The concept of the “border” in the relations between Türkiye and Greece Türkiye-Yunanistan İlişkilerinde “Sınır” Kavramı


Aksu F.

Turkiyat Mecmuasi, cilt.35, sa.1, ss.1-23, 2025 (Scopus) identifier

  • Yayın Türü: Makale / Tam Makale
  • Cilt numarası: 35 Sayı: 1
  • Basım Tarihi: 2025
  • Doi Numarası: 10.26650/iuturkiyat.1647990
  • Dergi Adı: Turkiyat Mecmuasi
  • Derginin Tarandığı İndeksler: Scopus
  • Sayfa Sayıları: ss.1-23
  • Anahtar Kelimeler: 1926 Athens Protocol, Border of Türkiye-Greece, Lausanne Peace Treaty, Meriç (Evros), Territorial Waters
  • Yıldız Teknik Üniversitesi Adresli: Evet

Özet

Türkiye-Yunanistan İlişkilerinde “Sınır” Kavramı

Fuat Aksu

Türkiye-Yunanistan’ın ulus-devlet inşa süreçlerinde kara ve deniz sınırlarının belirlenmesi büyük önem taşımıştır. 19. yüzyılın başından 20. yüzyılın ilk çeyreğine kadar süren bu dönem; savaşlar, işgaller, göçler ve nüfus mübadelesi gibi olaylarla şekillenmiştir. Lozan Barış Antlaşması (1923), bu sürecin nihai aşamasını oluşturmuş, sınırların belirlenmesinde temel prensipler belirlenmiştir. Örneğin, Meriç Nehri’nin en derin noktası sınır çizgisi olarak kabul edilmiştir. Yunanistan’a isimleri sayılarak devredilen adaların askersizleştirileceği kararlaştırılmıştır. Trakya sınırındaysa 30 km derinliğindeki topraklar karşılıklı olarak askersizleştirilmiştir. Oluşturulan komisyonlarla askersizleştirme düzenlemelerini gerçekleştirmiştir. Ayrıca (Türk-Yunan) Sınır Tespit Komisyonu, Trakya’da sınırın işaretlenmesi, olası anlaşmazlıkların çözümüyle görevlendirilmiş ve yetkilendirilmiştir. Komisyonun çalışmaları ağırlıklı olarak kara sınırlarıyla sınırlı kalmıştır. Çalışmada, Türkiye-Yunanistan kara, nehir ve deniz sınırlarının belirlenmesine odaklanılmıştır. Buna göre; kara sınırının belirlendiği, nehir sınırının 1926 Protoküyle belirlenmiş olsa da güncel sınırı yansıtmadığı, deniz egemenlik sınırlarınınsa belirlenmediği ileri sürülmektedir. 3 Kasım 1926 Atina Protokolü, sınır tespitinde temel referans olarak incelenmiştir. Protokolde, nehrin mevcut durumunun sınır belirlemede esas alınması, nehir yatağı değişse dahi sınırın değişmeyeceği ilkesi benimsenmiştir. Ayrıca, Meriç Nehri’nin Ege Denizi’ne ulaştığı nehir ağzında yan sınır için bir nirengi noktası belirlenmiştir. Lozan sonrası kurulan Sınır Tespit Komisyonu’nun çalışmaları, kara ve nehir sınırlarını kısmen düzenlese de deniz sınırları ve hava sahası konularıyla ilgilenmemiştir. Bu eksiklikler, taraflar arasında yeni düzenlemeleri gerektirmektedir.
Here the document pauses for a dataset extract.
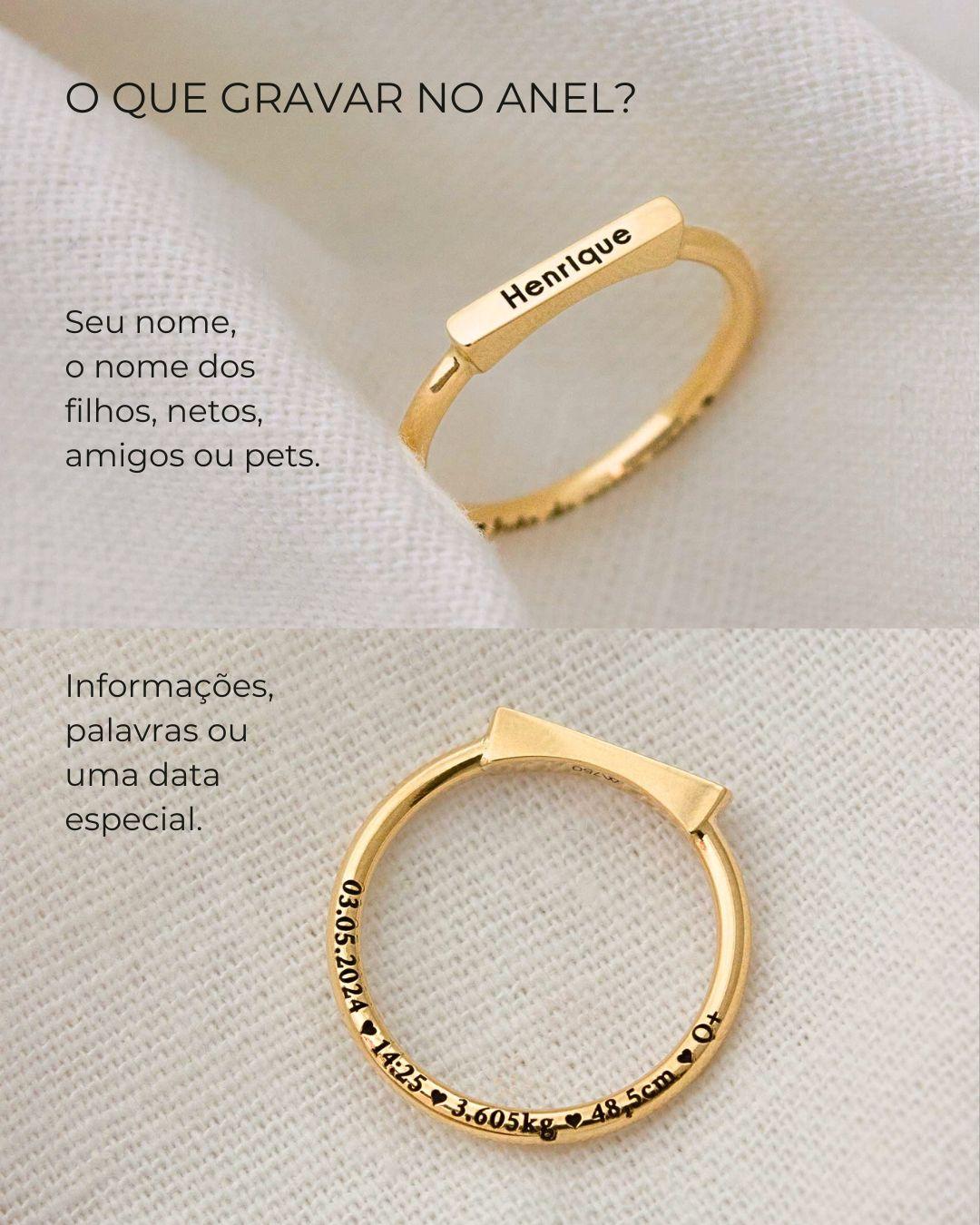 Anel Nome Personalizado Ouro 18K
Determining land and maritime borders has played a pivotal role in the nation-state-building processes of Türkiye and Greece. The Treaty of Lausanne in 1923 has marked critical principles for defining borders. The treaty also mandated the demilitarization of islands ceded to Greece and established a 30-km-deep strip of land on both sides in the Thrace border region to be mutually demilitarized. Commissions were set up to implement these demilitarization arrangements, including the Turkish-Greek Border Delimitation Commission, which was responsible for marking the border in Thrace and resolving potential disputes. However, the commission’s efforts were mainly confined to land borders. This study explores the determination of the land-river and sea borders between Türkiye and Greece, examining whether the maritime sovereignty borders were clearly defined and addressing any deficiencies. The Athens Protocol of November 3, 1926, emerged as a critical reference in the border delimitation process, asserting that the current state of the river should guide border determination and that the border remains unchanged even if the riverbed shifts. In conclusion, while the work of the Border Delimitation Commission established after Lausanne partially regulated land and river borders, it left maritime boundaries and airspace issues unaddressed.